June 19, 2026, (Inside AI) — The National Highways Authority of India has deployed an in-house artificial intelligence system to flag faults in Detailed Project Reports and track road defects, officials said.
The system, built on NHAI's vast repository of circulars, acts, Indian Roads Congress codes, and monthly reports, serves as an assistance tool to reduce the burden of sifting through hundreds of pages of guidelines.
NHAI Chairman Santosh Kumar Yadav said the tool emerged from a workflow study that found project directors and regional officers were bogged down by tasks easily handled by AI. Access is currently limited to NHAI officials, but Yadav confirmed it will extend to consultants and contractors after security vetting.
Photo Uploads Reveal Road Defects Instantly
Field engineers can now photograph a defect and receive immediate analysis. The system scans guidelines, codes, and specifications to deliver results in moments.
"This system was needed because when we carried out the workflow study of Project Directors and regional officers of NHAI last year, we found that they have to be unnecessarily involved in a number of work, which can be easily done through AI tools. With this system in place, any official can check the defect of a highway by just uploading a photo. The system will quickly run through hundreds of guidelines, codes, notification, specifications and give the result," said Yadav.
Tackling the DPR Problem at Its Root
Faulty DPRs have long plagued highway projects. Union Minister Nitin Gadkari has repeatedly blamed poor civil engineering and substandard reports for rising accidents and fatalities.
Yadav noted that a Rs 2,000 crore project often sees a Rs 200–300 crore variation. Now, officials can upload a DPR and the AI will find errors against IRC codes and policy circulars, allowing fixes before construction begins.
A Technical Schedule Analyzer tool reviews DPR's Schedule B and C documents—the core technical annexures defining physical scope—and flags findings by severity and completeness.
Margsarthi Chat Agent Draws 50,000 Queries
An in-house chat-based AI agent, Margsarthi, went live on April 18. Connected to NHAI's datalake, it has processed over 50,000 queries from roughly 1,100 users, with over 40% of questions about circulars and documents.
"When we started working on this, we found that across the organisation, the officials used to keep personal folders of circulars, Acts and similar reference material on their own computers. Even for experienced officers, it was difficult to keep track of the sheer volume of rules and regulations in force. With this system, they can get it in just one query," said a senior project engineer.

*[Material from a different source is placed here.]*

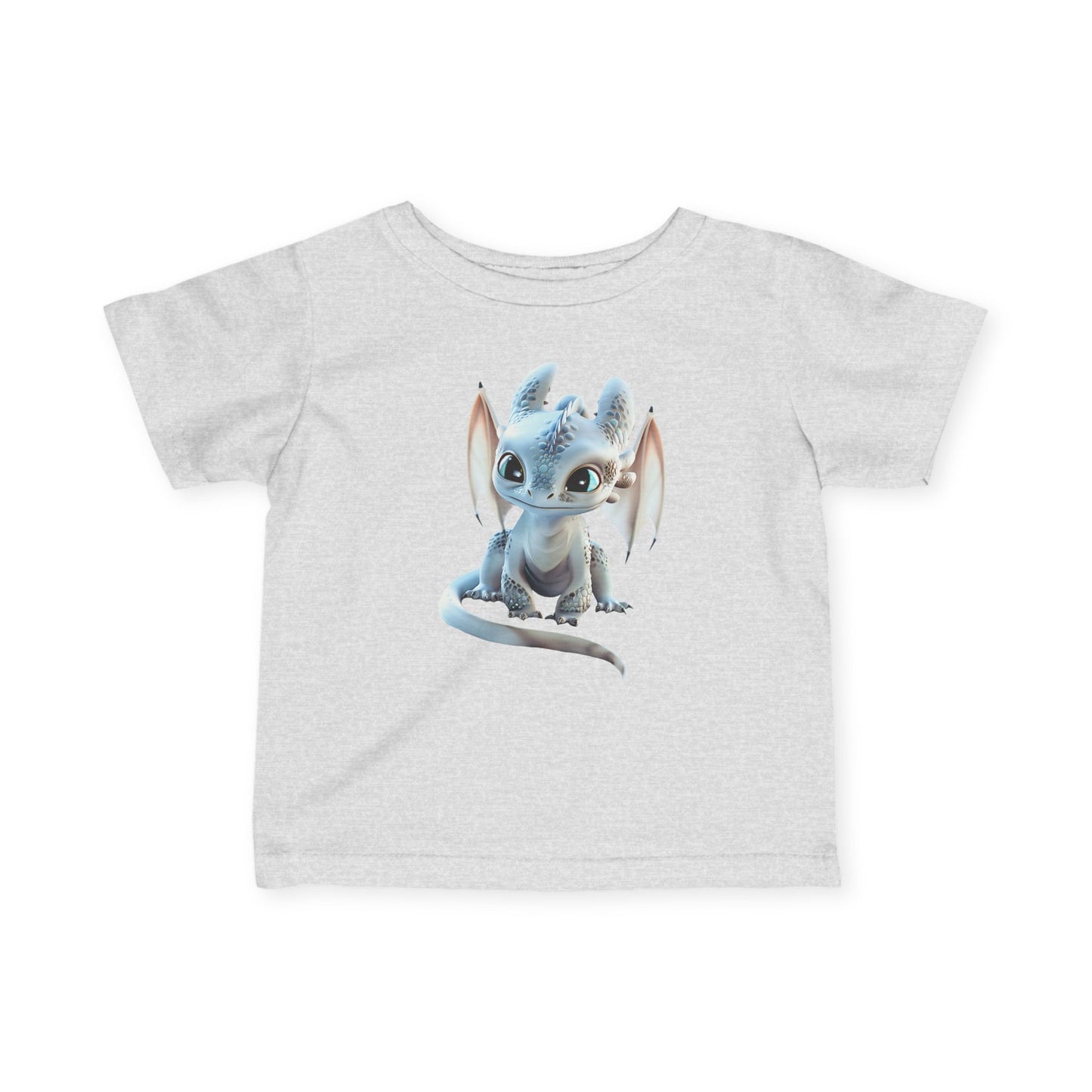 Cute Little Blue Dragon Infant Fine Jersey T-Shirt - Teeny Tiny Dragons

Kick-Off and MPR Tools Surface Bottlenecks
Additional tools, Kick-Off and MPR Insights, track issues from kick-off meetings and monthly progress reports. They flag critical bottlenecks, surface overdue items, and provide recommended actions with direct citations to source pages.
The deployment marks a shift toward AI-driven quality control in India's highway sector, though questions remain about data security and algorithmic bias as external access expands. NHAI has not disclosed the model's architecture or training data specifics.